En la lista del colegio era siempre la última a causa de mi apellido y cada año rezaba por que no viniera ningún Zumárraga que pudiera desbancarme. Si no podía ser la primera, me consolaba ser la última: la cuestión era ocupar un lugar destacado; escapar, aunque fuese por el final de la lista, de la asfixiante masa de apellidos comunes que había entre la a y la zeta. Lo escribía a la castellana para que tuviese más letras: catorce. Solo había una niña en todo el curso cuyo apellido fuese tan largo y difícil de pronunciar —incluso para algunos vascos— como el mío (Can you record it for me?, me preguntaría años más tarde una compañera de Cambridge en nuestro café favorito de la ciudad, blandiendo ante mi cara el móvil con la grabadora encendida).
En el colegio Andrea Cenigaonaindia y yo no coincidíamos más que en clase de inglés, donde librábamos, inadvertida para la profesora, una batalla por obtener las calificaciones más altas. Además de en cuestiones académicas, éramos rivales en el plano capilar.
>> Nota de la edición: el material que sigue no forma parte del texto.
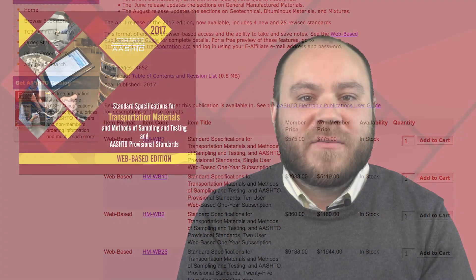On behalf of AASHTO Subcommittee on Materials, thank you for watching this overview of AASHTO's web-based materials specifications.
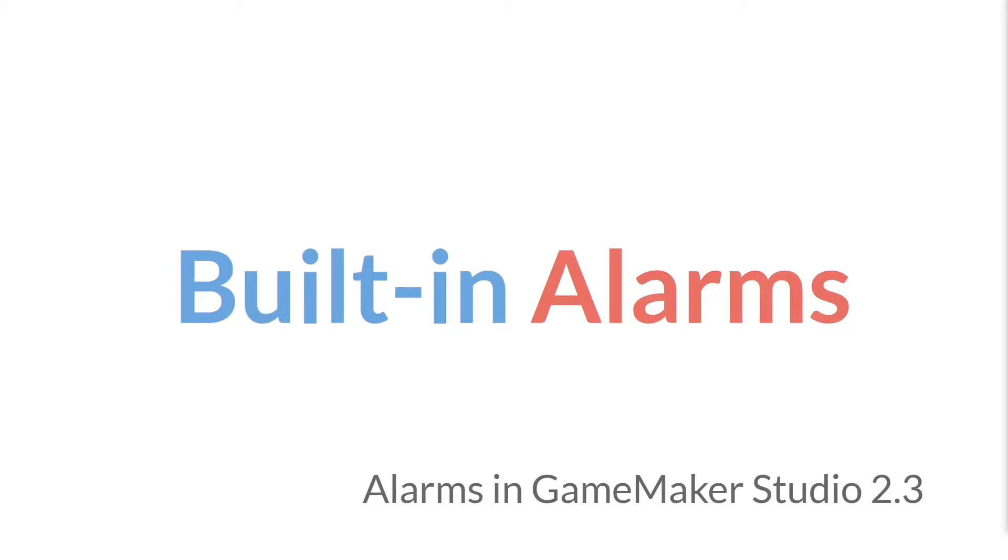Hello everyone, this is Sam Spade, and in this tutorial we're going to talk about the built-in alarms, the ones that come with GameMaker Studio 2.3.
Nos veíamos cada mañana en el autobús; Andrea se sentaba delante de mí, en la fila de asientos de la derecha, y desde mi posición privilegiada en la retaguardia yo inspeccionaba su melena y me regocijaba si descubría entre los estirados mechones rubios un rizo que hubiera escapado a la doma del secador y el cepillo.
Esta guerra la ganó la Cenigaonaindia a finales de segundo de la ESO cuando una facción de mis ganglios linfáticos se sublevó contra mí y hubo que recurrir a la quimioterapia para doblegarlos. Recuerdo perfectamente —o así quiero recordarlo— que el día que nos dieron la noticia en el hospital de Cruces yo vestía un conjunto de pantalón y jersey turquesa y la melena, espesa, me caía por la espalda como una capa de superhéroe. En aquel momento lo único que me preocupó fue perder el pelo; perder la vida no me pareció entonces un peligro real, quizá porque no me encontraba mal físicamente, o porque en mi inocencia creía que la muerte era algo que sobrevenía solo a los viejos, o porque morirme tan joven, sin haber dado más besos de película que los que ensayaba con la almohada, se me antojaba sencillamente inconcebible.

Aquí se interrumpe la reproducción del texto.